This morning I was faced with a situation I had to get resolved in 10 days or less. It literally involved the safety of a loved one. I left the house very distraught and worried. I had already been a failure in this situation thus far and my heart was very heavy.
As I was driving down the road, it dawned on me to call this individual who I knew could help me out. With great confidence and relief, I placed the call. Just as quickly as my spirits soared upwards, they came crashing down. The person I called could not help me. I was devastated. I was certain this was my answer.
Now what? I started to cry as I drove to work. I was at a lost as to what I was going to do. I decided I was not going to give into fear and anxiousness. Though I was steadily crying, through my sobs I prayed to God. I told Him I knew He had the answer. I told Him I trusted Him because I knew the loved one this was effecting, He loved them more than I. I told Him if He did not answer my prayer, then I trusted Him to show me another way. As I continued to cry, I continued to pray and then my prayers turned into worship. I turned on the Christian radio and commenced to worshiping Him.
I could feel my anxiety and frustrations over the situation diminishing, and I finally was able to cease crying. I went to work with joy in my heart and an uplifted spirit, filled with faith in my God. I did not know how or when He would answer, and though my back was against the wall time-wise, I gave it to Him.
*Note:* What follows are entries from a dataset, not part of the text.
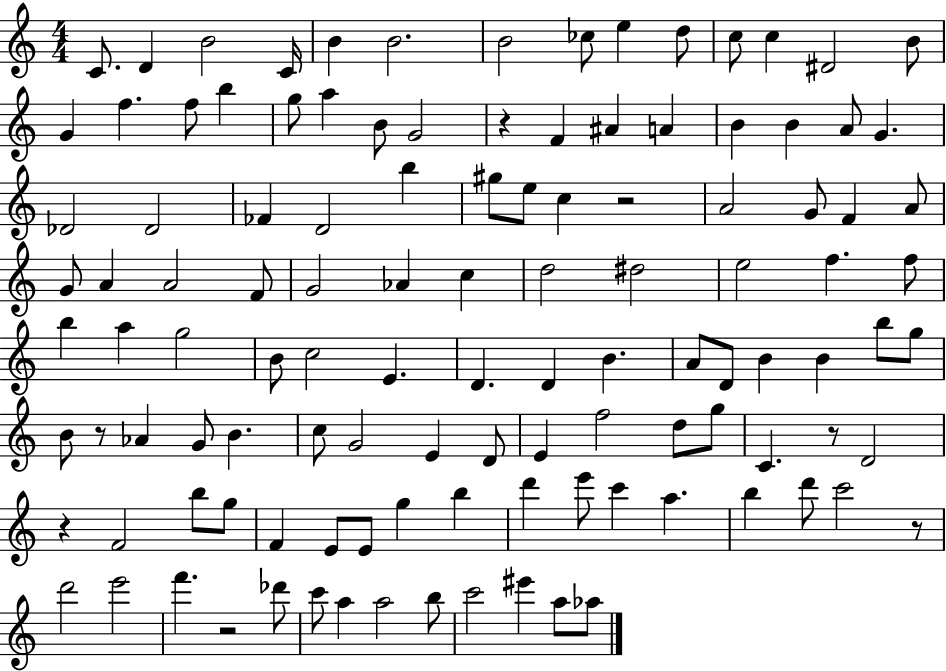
C4/e. D4/q B4/h C4/s B4/q B4/h. B4/h CES5/e E5/q D5/e C5/e C5/q D#4/h B4/e G4/q F5/q. F5/e B5/q G5/e A5/q B4/e G4/h R/q F4/q A#4/q A4/q B4/q B4/q A4/e G4/q. Db4/h Db4/h FES4/q D4/h B5/q G#5/e E5/e C5/q R/h A4/h G4/e F4/q A4/e G4/e A4/q A4/h F4/e G4/h Ab4/q C5/q D5/h D#5/h E5/h F5/q. F5/e B5/q A5/q G5/h B4/e C5/h E4/q. D4/q. D4/q B4/q. A4/e D4/e B4/q B4/q B5/e G5/e B4/e R/e Ab4/q G4/e B4/q. C5/e G4/h E4/q D4/e E4/q F5/h D5/e G5/e C4/q. R/e D4/h R/q F4/h B5/e G5/e F4/q E4/e E4/e G5/q B5/q D6/q E6/e C6/q A5/q. B5/q D6/e C6/h R/e D6/h E6/h F6/q. R/h Db6/e C6/e A5/q A5/h B5/e C6/h EIS6/q A5/e Ab5/e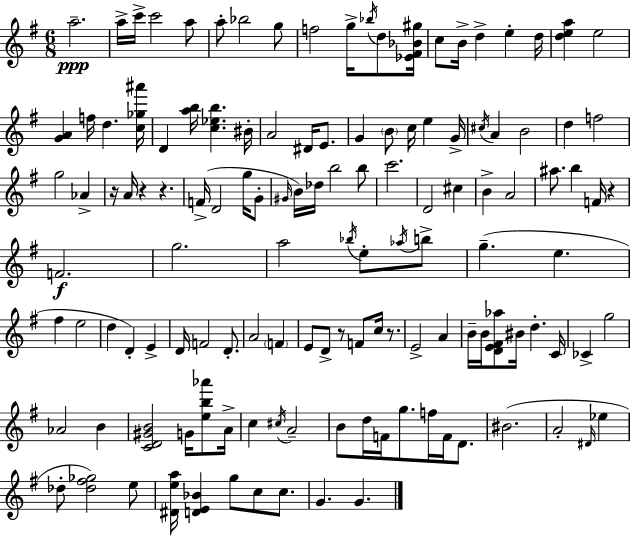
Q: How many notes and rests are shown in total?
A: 130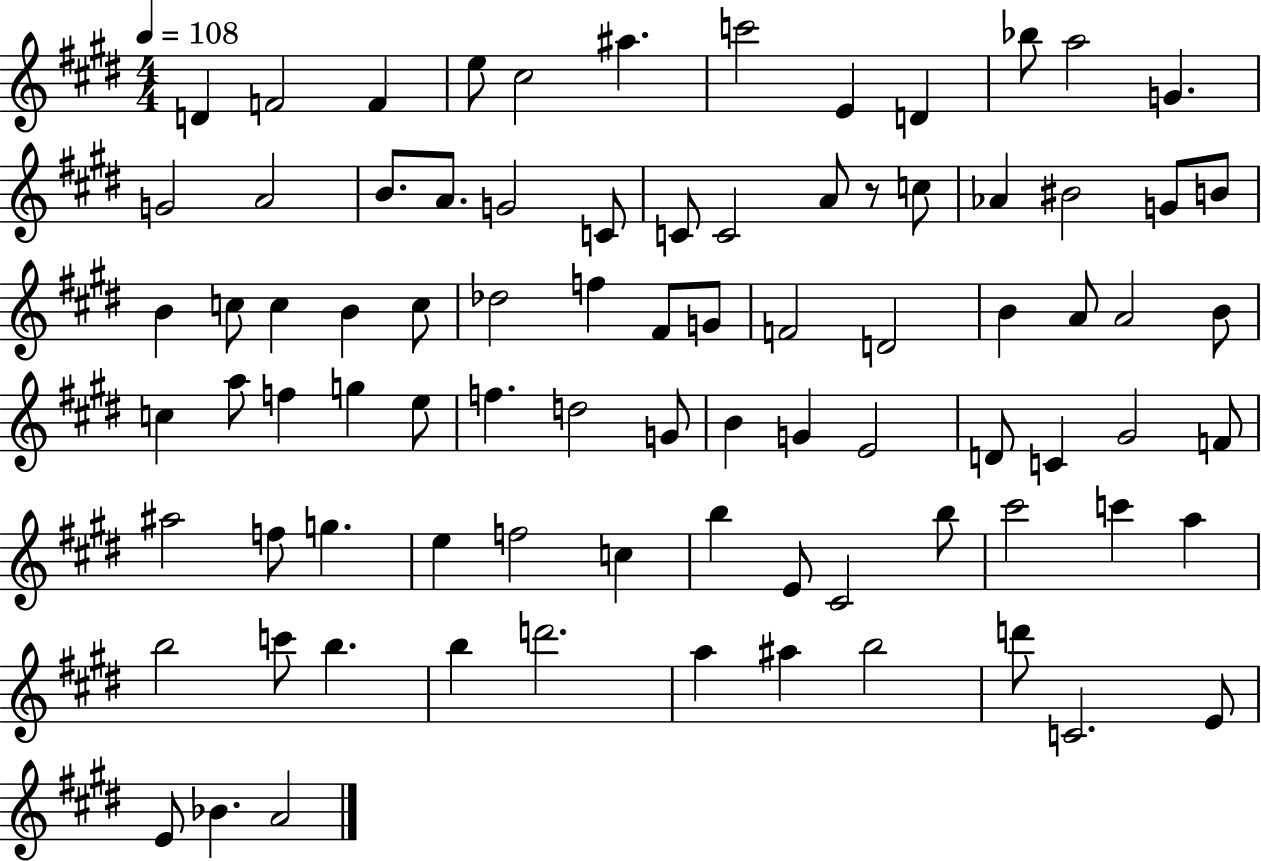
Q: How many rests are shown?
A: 1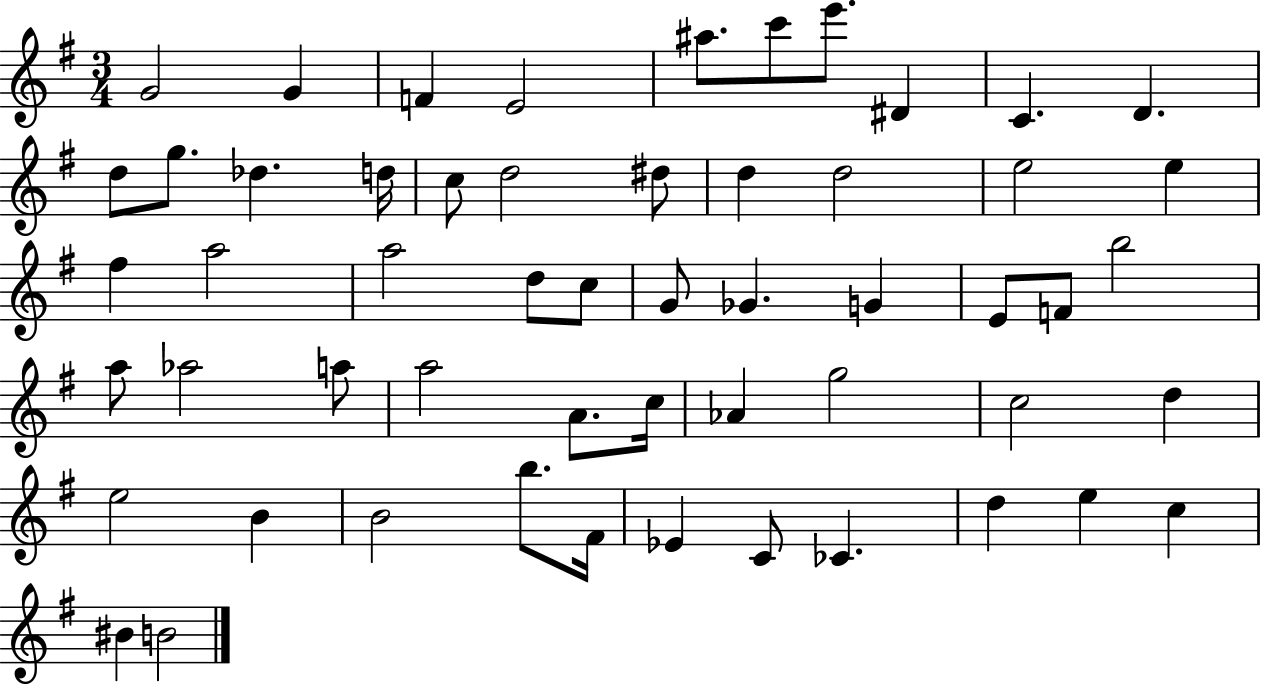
X:1
T:Untitled
M:3/4
L:1/4
K:G
G2 G F E2 ^a/2 c'/2 e'/2 ^D C D d/2 g/2 _d d/4 c/2 d2 ^d/2 d d2 e2 e ^f a2 a2 d/2 c/2 G/2 _G G E/2 F/2 b2 a/2 _a2 a/2 a2 A/2 c/4 _A g2 c2 d e2 B B2 b/2 ^F/4 _E C/2 _C d e c ^B B2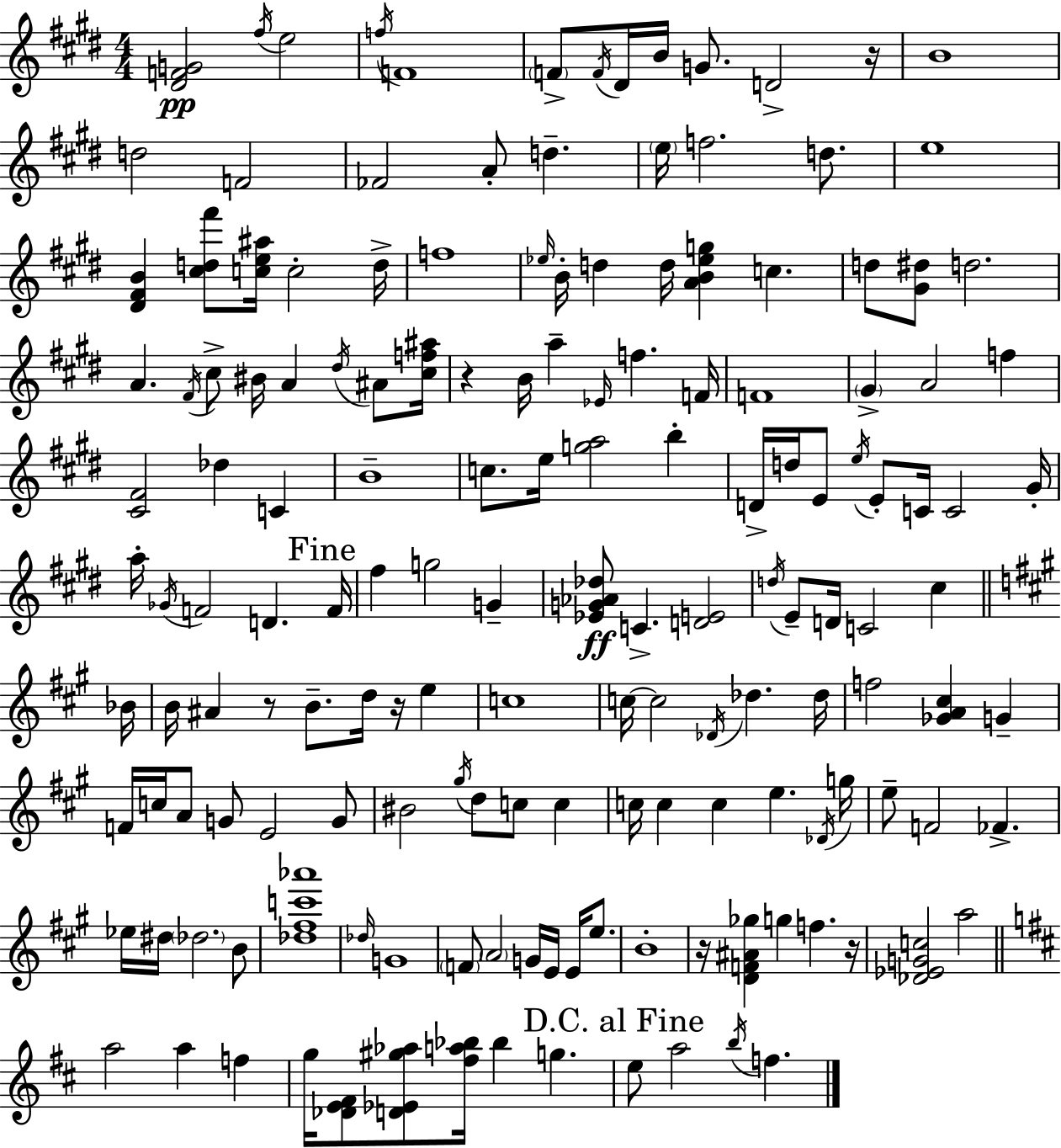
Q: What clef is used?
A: treble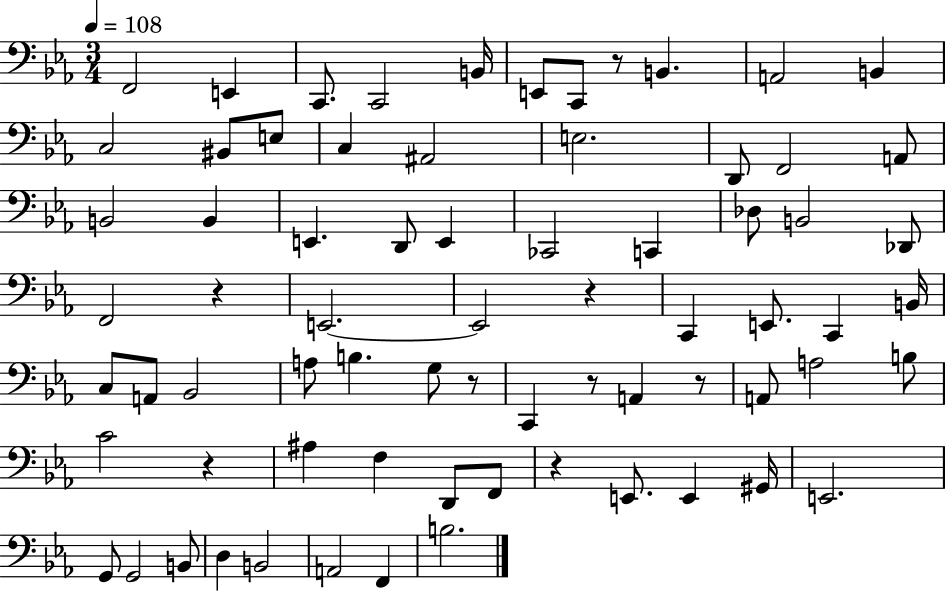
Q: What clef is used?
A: bass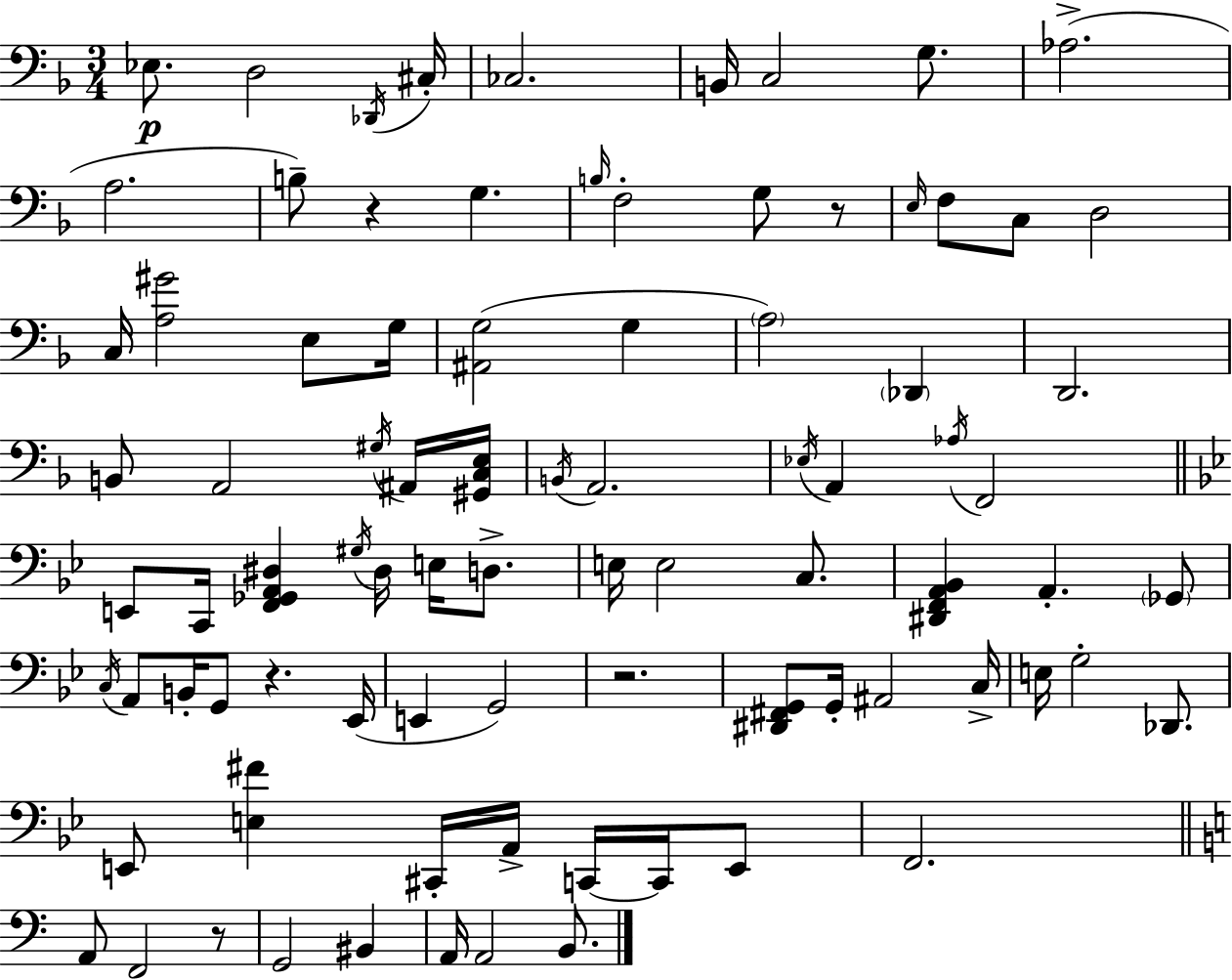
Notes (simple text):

Eb3/e. D3/h Db2/s C#3/s CES3/h. B2/s C3/h G3/e. Ab3/h. A3/h. B3/e R/q G3/q. B3/s F3/h G3/e R/e E3/s F3/e C3/e D3/h C3/s [A3,G#4]/h E3/e G3/s [A#2,G3]/h G3/q A3/h Db2/q D2/h. B2/e A2/h G#3/s A#2/s [G#2,C3,E3]/s B2/s A2/h. Eb3/s A2/q Ab3/s F2/h E2/e C2/s [F2,Gb2,A2,D#3]/q G#3/s D#3/s E3/s D3/e. E3/s E3/h C3/e. [D#2,F2,A2,Bb2]/q A2/q. Gb2/e C3/s A2/e B2/s G2/e R/q. Eb2/s E2/q G2/h R/h. [D#2,F#2,G2]/e G2/s A#2/h C3/s E3/s G3/h Db2/e. E2/e [E3,F#4]/q C#2/s A2/s C2/s C2/s E2/e F2/h. A2/e F2/h R/e G2/h BIS2/q A2/s A2/h B2/e.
About an hour or so after arriving at work, I received a telephone call that was answer to my prayers in more ways than one. I hung up and I thanked my God. I knew He was in control, had delivered my answer, and was paving the way for nothing but good to come out of this.
As I was sharing this with my two sisters tonight, I also shared with them that I truly felt if I had reacted differently ... questioning God as to why He allowed this to happen ... allowing anger and bitterness to seep in ... holding harsh feelings for the person that could not help me ... worrying about the situation ... then I truly believe I would not have gotten that much needed call today.
Sometimes you just know when it is a God-moment, and this was definitely one for me!
Have a wonderful remainder of the evening and a wonderful weekend! Stay cool!